Exercise directions - Write down exactly the lines of the listing below, beginning with the one containing "Action SLIDER 102" and closing with the final line.

Listed records -
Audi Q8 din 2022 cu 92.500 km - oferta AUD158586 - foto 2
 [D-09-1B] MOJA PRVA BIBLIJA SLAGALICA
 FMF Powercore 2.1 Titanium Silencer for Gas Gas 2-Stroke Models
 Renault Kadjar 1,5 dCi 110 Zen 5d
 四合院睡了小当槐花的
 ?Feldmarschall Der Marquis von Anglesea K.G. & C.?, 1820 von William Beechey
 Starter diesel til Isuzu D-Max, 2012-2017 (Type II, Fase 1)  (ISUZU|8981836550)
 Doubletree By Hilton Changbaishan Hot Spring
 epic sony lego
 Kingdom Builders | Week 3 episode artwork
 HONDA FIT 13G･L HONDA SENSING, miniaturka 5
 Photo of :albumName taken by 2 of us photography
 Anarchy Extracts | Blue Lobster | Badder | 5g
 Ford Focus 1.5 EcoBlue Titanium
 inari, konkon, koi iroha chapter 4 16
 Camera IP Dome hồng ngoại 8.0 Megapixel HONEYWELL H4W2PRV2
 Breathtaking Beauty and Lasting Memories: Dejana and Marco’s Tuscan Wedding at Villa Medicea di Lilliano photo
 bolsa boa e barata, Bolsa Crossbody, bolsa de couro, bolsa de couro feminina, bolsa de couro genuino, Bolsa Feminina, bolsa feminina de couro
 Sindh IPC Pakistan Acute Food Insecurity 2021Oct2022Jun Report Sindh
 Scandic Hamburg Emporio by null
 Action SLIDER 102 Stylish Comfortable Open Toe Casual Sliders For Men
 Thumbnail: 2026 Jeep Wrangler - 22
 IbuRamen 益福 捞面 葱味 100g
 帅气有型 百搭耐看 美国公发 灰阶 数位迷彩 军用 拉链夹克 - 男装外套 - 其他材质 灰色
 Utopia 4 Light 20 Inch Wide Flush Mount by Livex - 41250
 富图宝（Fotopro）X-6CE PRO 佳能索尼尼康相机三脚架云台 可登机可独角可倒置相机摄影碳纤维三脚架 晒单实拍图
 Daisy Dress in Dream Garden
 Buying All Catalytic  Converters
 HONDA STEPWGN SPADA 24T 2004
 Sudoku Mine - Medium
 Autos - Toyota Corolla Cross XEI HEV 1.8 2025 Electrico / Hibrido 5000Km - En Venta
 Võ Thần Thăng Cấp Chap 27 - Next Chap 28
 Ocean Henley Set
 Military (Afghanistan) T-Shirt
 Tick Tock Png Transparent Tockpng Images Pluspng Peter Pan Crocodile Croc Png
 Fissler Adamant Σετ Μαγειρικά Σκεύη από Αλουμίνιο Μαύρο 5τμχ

Response to the exercise -
 Action SLIDER 102 Stylish Comfortable Open Toe Casual Sliders For Men
 Thumbnail: 2026 Jeep Wrangler - 22
 IbuRamen 益福 捞面 葱味 100g
 帅气有型 百搭耐看 美国公发 灰阶 数位迷彩 军用 拉链夹克 - 男装外套 - 其他材质 灰色
 Utopia 4 Light 20 Inch Wide Flush Mount by Livex - 41250
 富图宝（Fotopro）X-6CE PRO 佳能索尼尼康相机三脚架云台 可登机可独角可倒置相机摄影碳纤维三脚架 晒单实拍图
 Daisy Dress in Dream Garden
 Buying All Catalytic  Converters
 HONDA STEPWGN SPADA 24T 2004
 Sudoku Mine - Medium
 Autos - Toyota Corolla Cross XEI HEV 1.8 2025 Electrico / Hibrido 5000Km - En Venta
 Võ Thần Thăng Cấp Chap 27 - Next Chap 28
 Ocean Henley Set
 Military (Afghanistan) T-Shirt
 Tick Tock Png Transparent Tockpng Images Pluspng Peter Pan Crocodile Croc Png
 Fissler Adamant Σετ Μαγειρικά Σκεύη από Αλουμίνιο Μαύρο 5τμχ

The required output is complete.